PROCEDURE: 1. Hysteroscopy.

2. Laparoscopy.

3. Dilatation of both uterine horns.


ANESTHESIA: Local.

FINDINGS: A normal appearing single uterus. Normal appearing tubes and ovaries are identified. No evidence of endometriosis, uterine polyp or peritoneal scarring is noted. The patient demonstrates a division of the vagina into two separate halves with a transverse division and two clear, separate cervixes. Hard copy photographs of the patient's findings are obtained.

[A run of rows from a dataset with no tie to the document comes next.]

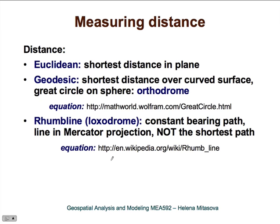Let's first look at measuring distance. Everybody is familiar with Euclidean distance, which is essentially the shortest distance in a plane, and that's the most commonly used distance. However, we often need to use other types of distances. For example, because our Earth is spherical, we need to be able to measure distance over a sphere.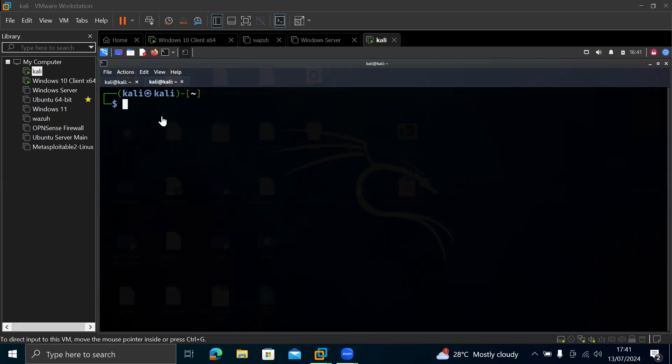So in this video, I want to show you how to transfer your files from your Kali Linux to your Windows virtual machine.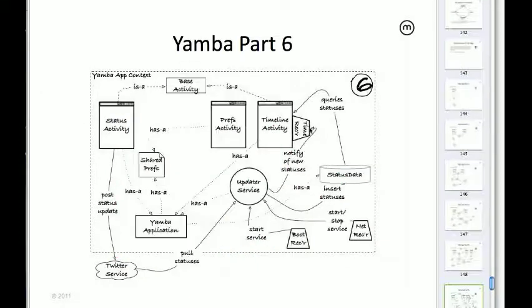In iteration six, we improve the app via broadcast receivers. Notice how in every iteration I'm using one of the main building blocks — we started with activities, then introduced the service, then the database and the application object, and now we're introducing the broadcast receiver. Remember that publish-subscribe mechanism.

INDICATIONS: This a nulligravida patient who presents with a history of a diagnosis from a previous doctor that she has two separate uteruses. Bimanual evaluation by me in the office demonstrated only a single uterus. The patient is not aware of any variations in her normal routine female hygiene. And her husband is also unaware of any complications. The patient had been evaluated an HSG which did demonstrate only a unilateral spill and suspicion of a possible duplication of the uterine tract. Of interest, the patient's mother demonstrates a past history of DES exposure for her and this would then potentially be a second generation effect from DES.

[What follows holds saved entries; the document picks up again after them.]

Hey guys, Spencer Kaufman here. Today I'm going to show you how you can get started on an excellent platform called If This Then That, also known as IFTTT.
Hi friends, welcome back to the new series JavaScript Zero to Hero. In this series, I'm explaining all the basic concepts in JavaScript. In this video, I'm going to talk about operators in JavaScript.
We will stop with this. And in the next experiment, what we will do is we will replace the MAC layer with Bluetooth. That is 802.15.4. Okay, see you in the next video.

DESCRIPTION OF PROCEDURE: The patient was brought to the operating room and placed in the dorsal lithotomy position and prepped and draped in the usual sterile fashion for a vaginal and abdominal surgery. During the prep, the patient's relaxation os showed a clear delineation of a duplication of the vagina with a transverse orientation of the division between the two separate halves with a smaller division on the anterior leaf and a much larger division on the posterior leaf, with a clear, complete layer of vaginal skin between the two halves. Both halves are noted to have their own cervix and both cervixes are cannulized to identify both tubal openings. Unilateral single openings are noted in both sides and a suspicion for complete duplication is evaluated with laparoscopy.

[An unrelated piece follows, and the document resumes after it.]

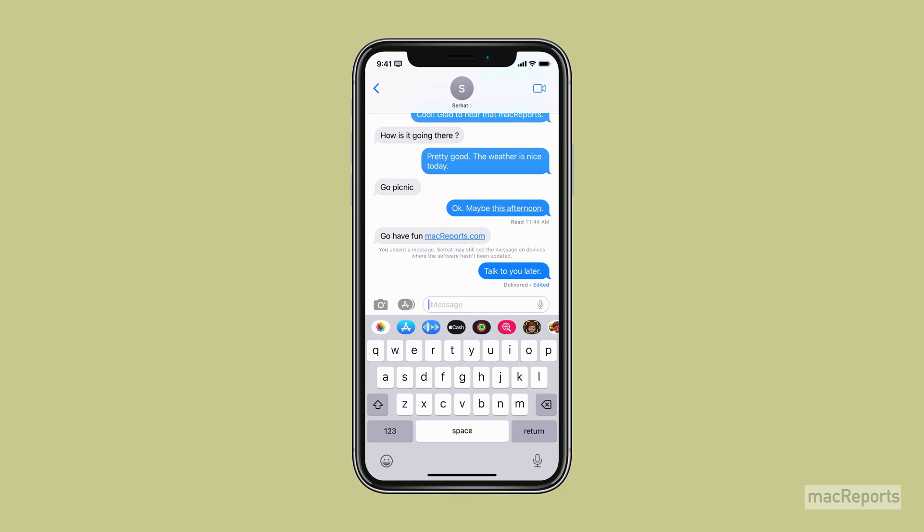For those who have not updated their device's software, the edited message will just show up as another message in the conversation.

Attention is turned to the abdomen, where a small infraumbilical incision is made in the skin with the knife and the Veress needle is inserted to allow for insufflation of approximately 3 liters of CO2 gas. The 10-mm trocar is inserted and a laparoscopic camera identifies a normal appearing uterus and normal appearing tubes and ovaries. And the uterine manipulator moves the entire uterus and is single in nature without incident. There is fairly strong evidence laparoscopically of a thick midline septum or fusion of two upper poles, two otherwise unicornuate uteruses, but without our previous hysteroscopic identification of the two cervixes. The suspicion for any significant abnormality through laparoscopy would be only casual. Hard copy photographs of the patient's pelvic anatomy are obtained and the pneumoperitoneum is reduced and the trocar is removed. Our uterine manipulator is removed and no evidence of vaginal bleeding is appreciated. The abdominal wound is closed with three interrupted sutures of 3-0 Vicryl in a vertical mattress fashion. The patient tolerated the procedure well and went to the recovery room in good condition.